### PROBLEM REQUIREMENTS:
Find where "Arvutihiir Trust MOUSE" appears in the entries below. That line and all lines after it, through the last, are to be duplicated exactly, with nothing else.

+++

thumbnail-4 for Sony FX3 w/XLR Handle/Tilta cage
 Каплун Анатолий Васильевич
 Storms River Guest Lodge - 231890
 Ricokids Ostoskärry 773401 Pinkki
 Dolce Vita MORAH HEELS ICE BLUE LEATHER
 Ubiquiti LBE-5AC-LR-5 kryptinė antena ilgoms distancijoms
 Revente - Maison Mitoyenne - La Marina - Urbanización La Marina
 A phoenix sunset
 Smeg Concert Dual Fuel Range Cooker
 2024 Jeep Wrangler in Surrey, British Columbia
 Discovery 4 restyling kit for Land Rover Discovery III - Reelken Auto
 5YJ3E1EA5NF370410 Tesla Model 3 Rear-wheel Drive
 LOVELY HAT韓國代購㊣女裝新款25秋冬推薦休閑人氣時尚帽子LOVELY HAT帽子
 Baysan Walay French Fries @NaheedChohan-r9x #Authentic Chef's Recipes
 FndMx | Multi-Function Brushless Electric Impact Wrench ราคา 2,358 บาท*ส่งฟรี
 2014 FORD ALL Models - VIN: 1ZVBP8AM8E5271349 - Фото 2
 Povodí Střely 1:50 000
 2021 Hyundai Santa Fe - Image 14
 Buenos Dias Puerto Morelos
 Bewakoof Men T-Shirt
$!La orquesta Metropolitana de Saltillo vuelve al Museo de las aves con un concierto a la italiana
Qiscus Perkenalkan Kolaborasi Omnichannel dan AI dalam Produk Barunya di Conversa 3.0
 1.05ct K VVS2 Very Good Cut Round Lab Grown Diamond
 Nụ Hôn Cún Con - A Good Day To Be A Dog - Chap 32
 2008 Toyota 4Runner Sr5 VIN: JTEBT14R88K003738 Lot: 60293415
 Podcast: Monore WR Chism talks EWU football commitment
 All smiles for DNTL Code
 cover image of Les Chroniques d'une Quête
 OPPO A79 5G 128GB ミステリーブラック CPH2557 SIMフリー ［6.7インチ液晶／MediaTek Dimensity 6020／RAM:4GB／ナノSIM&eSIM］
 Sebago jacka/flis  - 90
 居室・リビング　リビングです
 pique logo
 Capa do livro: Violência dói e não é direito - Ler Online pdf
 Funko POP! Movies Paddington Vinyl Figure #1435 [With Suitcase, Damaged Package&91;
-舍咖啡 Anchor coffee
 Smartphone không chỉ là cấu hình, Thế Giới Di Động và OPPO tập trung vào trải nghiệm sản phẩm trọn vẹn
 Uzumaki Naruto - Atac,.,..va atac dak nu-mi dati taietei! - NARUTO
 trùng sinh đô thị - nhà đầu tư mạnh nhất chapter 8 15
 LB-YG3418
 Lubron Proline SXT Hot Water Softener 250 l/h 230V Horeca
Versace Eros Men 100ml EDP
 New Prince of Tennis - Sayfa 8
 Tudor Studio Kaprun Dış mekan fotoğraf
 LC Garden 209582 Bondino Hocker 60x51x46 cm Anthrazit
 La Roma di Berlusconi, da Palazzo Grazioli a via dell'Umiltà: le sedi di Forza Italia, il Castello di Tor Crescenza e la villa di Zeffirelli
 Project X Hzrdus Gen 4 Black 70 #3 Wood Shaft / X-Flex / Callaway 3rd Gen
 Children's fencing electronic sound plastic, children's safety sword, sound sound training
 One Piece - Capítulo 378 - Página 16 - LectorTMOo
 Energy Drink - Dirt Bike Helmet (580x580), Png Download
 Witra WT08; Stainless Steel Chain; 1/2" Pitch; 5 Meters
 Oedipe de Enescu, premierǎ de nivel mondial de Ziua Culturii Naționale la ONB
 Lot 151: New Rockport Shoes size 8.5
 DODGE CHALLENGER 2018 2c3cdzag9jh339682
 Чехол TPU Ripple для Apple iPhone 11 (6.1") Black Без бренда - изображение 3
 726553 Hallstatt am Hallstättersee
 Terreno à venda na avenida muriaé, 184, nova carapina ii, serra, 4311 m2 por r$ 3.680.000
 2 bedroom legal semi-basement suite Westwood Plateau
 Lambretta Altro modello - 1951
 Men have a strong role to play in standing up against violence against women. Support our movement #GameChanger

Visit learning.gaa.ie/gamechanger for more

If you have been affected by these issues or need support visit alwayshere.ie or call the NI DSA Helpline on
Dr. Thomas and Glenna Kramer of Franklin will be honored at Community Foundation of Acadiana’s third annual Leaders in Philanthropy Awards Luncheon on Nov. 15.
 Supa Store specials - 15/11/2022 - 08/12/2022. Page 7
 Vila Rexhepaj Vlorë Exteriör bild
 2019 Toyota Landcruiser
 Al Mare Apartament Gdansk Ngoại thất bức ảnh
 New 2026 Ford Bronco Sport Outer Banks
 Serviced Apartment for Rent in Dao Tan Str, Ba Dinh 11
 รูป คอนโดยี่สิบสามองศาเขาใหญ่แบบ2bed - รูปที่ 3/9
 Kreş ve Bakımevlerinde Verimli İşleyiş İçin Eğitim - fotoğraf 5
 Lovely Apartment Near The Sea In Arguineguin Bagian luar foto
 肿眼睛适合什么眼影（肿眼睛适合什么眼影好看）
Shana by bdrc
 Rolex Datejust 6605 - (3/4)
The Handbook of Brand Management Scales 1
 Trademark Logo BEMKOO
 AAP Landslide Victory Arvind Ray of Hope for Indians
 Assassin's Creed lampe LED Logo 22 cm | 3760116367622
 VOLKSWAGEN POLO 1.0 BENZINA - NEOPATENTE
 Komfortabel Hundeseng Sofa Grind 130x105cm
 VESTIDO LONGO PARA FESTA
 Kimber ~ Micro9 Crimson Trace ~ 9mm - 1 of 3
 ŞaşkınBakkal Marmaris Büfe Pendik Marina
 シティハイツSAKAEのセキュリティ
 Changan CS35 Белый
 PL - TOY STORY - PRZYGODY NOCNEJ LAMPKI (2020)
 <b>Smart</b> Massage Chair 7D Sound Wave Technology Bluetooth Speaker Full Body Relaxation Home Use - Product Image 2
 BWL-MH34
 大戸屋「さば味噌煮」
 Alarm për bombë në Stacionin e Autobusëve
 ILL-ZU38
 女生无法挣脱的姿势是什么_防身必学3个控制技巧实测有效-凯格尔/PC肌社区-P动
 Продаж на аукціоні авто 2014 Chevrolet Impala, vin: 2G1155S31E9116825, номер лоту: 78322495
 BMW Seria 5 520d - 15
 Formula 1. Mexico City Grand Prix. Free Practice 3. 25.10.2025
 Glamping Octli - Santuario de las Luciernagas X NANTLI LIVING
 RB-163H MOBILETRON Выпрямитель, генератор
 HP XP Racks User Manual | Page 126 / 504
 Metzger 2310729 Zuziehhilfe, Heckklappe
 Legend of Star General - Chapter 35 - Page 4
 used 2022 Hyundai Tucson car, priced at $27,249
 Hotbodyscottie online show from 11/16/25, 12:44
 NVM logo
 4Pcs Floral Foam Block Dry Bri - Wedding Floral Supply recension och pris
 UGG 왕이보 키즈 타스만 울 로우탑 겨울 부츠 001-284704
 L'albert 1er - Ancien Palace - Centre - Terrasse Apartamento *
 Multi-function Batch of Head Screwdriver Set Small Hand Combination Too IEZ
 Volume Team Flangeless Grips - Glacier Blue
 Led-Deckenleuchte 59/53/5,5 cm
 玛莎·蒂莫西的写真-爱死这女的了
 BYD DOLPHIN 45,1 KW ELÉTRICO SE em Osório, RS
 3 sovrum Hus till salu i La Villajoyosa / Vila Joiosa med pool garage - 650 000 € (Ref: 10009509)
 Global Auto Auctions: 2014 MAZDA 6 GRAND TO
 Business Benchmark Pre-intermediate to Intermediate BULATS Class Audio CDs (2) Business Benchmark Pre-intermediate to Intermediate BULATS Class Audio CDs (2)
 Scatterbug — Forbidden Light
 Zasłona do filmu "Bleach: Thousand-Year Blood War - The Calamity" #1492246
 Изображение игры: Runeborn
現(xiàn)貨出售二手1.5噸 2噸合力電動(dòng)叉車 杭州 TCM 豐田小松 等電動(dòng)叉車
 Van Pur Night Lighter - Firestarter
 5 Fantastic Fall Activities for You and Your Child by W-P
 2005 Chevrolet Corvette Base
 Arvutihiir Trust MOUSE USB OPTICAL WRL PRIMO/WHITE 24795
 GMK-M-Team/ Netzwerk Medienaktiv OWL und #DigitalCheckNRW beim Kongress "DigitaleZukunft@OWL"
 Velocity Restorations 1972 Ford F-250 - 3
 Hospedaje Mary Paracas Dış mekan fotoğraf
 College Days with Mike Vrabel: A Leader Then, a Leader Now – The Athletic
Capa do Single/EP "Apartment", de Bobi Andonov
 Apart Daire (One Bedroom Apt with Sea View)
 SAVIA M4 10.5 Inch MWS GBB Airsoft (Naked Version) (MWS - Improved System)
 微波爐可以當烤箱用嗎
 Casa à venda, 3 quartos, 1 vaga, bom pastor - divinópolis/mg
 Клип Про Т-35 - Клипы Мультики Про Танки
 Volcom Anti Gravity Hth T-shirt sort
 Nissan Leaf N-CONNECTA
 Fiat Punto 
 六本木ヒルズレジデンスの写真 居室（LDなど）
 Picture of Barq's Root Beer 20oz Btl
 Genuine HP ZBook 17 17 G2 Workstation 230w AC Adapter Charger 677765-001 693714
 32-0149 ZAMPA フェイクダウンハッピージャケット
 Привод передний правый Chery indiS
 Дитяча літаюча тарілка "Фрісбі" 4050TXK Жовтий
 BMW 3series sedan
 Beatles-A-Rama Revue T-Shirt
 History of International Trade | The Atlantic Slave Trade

+++

### ANSWER SPACE:
 Arvutihiir Trust MOUSE USB OPTICAL WRL PRIMO/WHITE 24795
 GMK-M-Team/ Netzwerk Medienaktiv OWL und #DigitalCheckNRW beim Kongress "DigitaleZukunft@OWL"
 Velocity Restorations 1972 Ford F-250 - 3
 Hospedaje Mary Paracas Dış mekan fotoğraf
 College Days with Mike Vrabel: A Leader Then, a Leader Now – The Athletic
Capa do Single/EP "Apartment", de Bobi Andonov
 Apart Daire (One Bedroom Apt with Sea View)
 SAVIA M4 10.5 Inch MWS GBB Airsoft (Naked Version) (MWS - Improved System)
 微波爐可以當烤箱用嗎
 Casa à venda, 3 quartos, 1 vaga, bom pastor - divinópolis/mg
 Клип Про Т-35 - Клипы Мультики Про Танки
 Volcom Anti Gravity Hth T-shirt sort
 Nissan Leaf N-CONNECTA
 Fiat Punto 
 六本木ヒルズレジデンスの写真 居室（LDなど）
 Picture of Barq's Root Beer 20oz Btl
 Genuine HP ZBook 17 17 G2 Workstation 230w AC Adapter Charger 677765-001 693714
 32-0149 ZAMPA フェイクダウンハッピージャケット
 Привод передний правый Chery indiS
 Дитяча літаюча тарілка "Фрісбі" 4050TXK Жовтий
 BMW 3series sedan
 Beatles-A-Rama Revue T-Shirt
 History of International Trade | The Atlantic Slave Trade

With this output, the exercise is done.